Phew, thats another year of tube journeys almost over. Living in the countryside most of your life means there’s a lot to learn when you move to the city, and deciphering the codes of tube etiquette is one of the pretty major ones. It’s a dog-eat-dog world down in those tunnels.
Since it’s the festive season (and knowing I won’t have to brave a rush hour journey for the next week or so), I’ve compiled a little 12 Days of Christmas themed post for what we go through on a typical tube journey. It starts a little like this: on the first day of my travel card, TfL gave to me…
One person stopping on the escalator
Picture the scene – you’ve got on the escalator and it’s pretty crowded. People are shoving to get past and there’s some guy behind you who seems to be breathing on your neck *shivers*. There’s always that one person who thinks it’s a good idea to get to the top and then not move anywhere, just looking around. If punching in the back of the head wouldn’t get me into trouble, I’d be doing it on a daily basis!
Two people shrieking loudly on their phones
This only really works if you ever get a tube that’s overground, for obvious reasons. Anyway, it’s mostly teenagers that do this (listen to me, I’m such a grandma), but I swear “Ya get meh” is going to end up in my vocabulary without me even wanting it to. Only a couple of weeks ago did the whole carriage have to endure a screeching Aussie woman yell at ‘Scott’ on the phone, telling him she was “fucking tired of your bullshit”. Yes lady, we are too.
Three announcements of a “good service” when we all know the line is suspended
The worst of this is when you’ve been staring at the notice board of doom for 10 minutes, watching each upcoming tube slowly get replaced with a blank space where the minutes should be, and you hear from a very chirpy man in the control room that “all London underground lines are operating a good service to all destinations” – you know that hell hasn’t frozen over. They’re just lying.
Four different fast food junkies in one carriage
The tube can smell pretty bad very quickly, so add lots of junk food in the mix and you’ve got yourself one very gippy journey back home.

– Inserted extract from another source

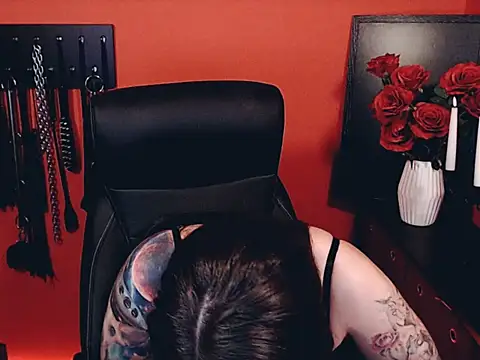 _MissJaneWarren_ webcam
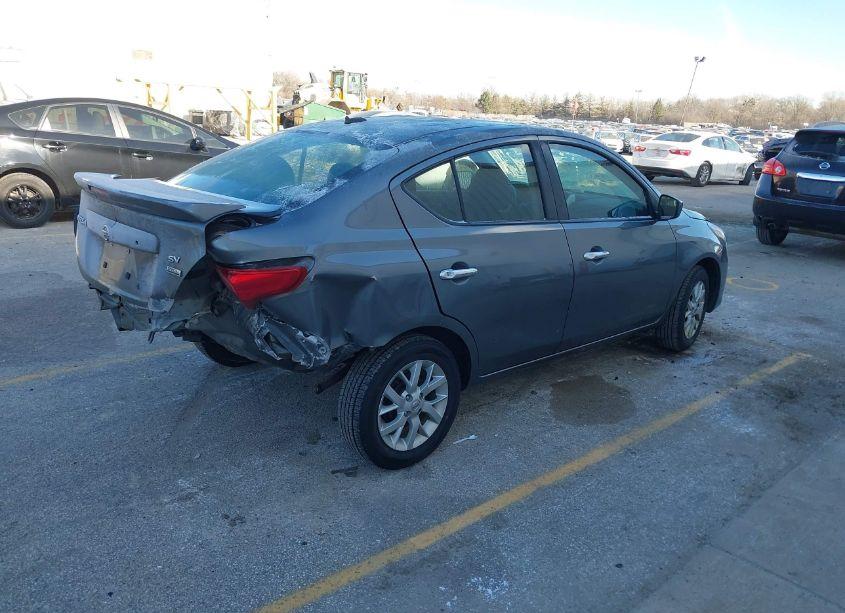 Photo 4 of 2018 Nissan Versa 1.6 SV (VIN 3N1CN7AP5JL871843)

People don’t even care whether they’re flooding the space with the stench of KFC, or even if they grab onto the bars and eat at the same time (don’t get me started on the cleanliness of tubes, it’s horrifying). The worst is being surrounded by them – McDonalds on one side, KFC on the other, Burger King to the front and a Subway behind.
Five badly functioning earphones
This has to be a major pet hate for me. If I wanted to listen to your crappy techno remixes I’d have downloaded it myself, so turn the damn volume down! There was a guy last week who genuinely was listening to a single track of some guy shouting. No music, just shouting. Weird.
Six smelly armpits
Seven door jumpers
Never have I seen so many people in one city who don’t understand the meaning of “mind the doors”. People will get limbs trapped just to get on, and then look at you like you’re the weird one when you watch them struggle! Usually the next tube is only 2 minutes away, but they definitely most positively and absolutely have to get on this one – no other will do, even if it means riding along with a leg off.
Eight defective barriers
You’ve battled your way off a tube full of nattering tourists, stomped up the escalator like a thing possessed, then there’s only two barriers in the whole concourse that work. Hello queues with plenty of elbows!
Nine groin pressers
Yup. Never had one? You’re lucky. I must have had more groins pressed against my hips than Courtney Love’s had botox injections (I’m guessing that’s a lot).
Ten minutes waiting for an available train
Sometimes the rush hour can be unbearable, especially when you have to let a couple of tubes go by simply because if you try and push yourself on you’ll be stuck between a stumbler/boob-grabber and someone who hasn’t brushed their teeth, or you’ll never walk again. It can be really annoying when you’re in a rush (isn’t that why the hour is called so?), leading to a lot of sighing and foot tapping.
Eleven seek assistance messages
I know I have money on my oyster, I know I’m in the right zone, I’m standing really far back – let me through! Just breathe, ignore the tutting from behind you and wham your way through those barriers like nothing can stop you.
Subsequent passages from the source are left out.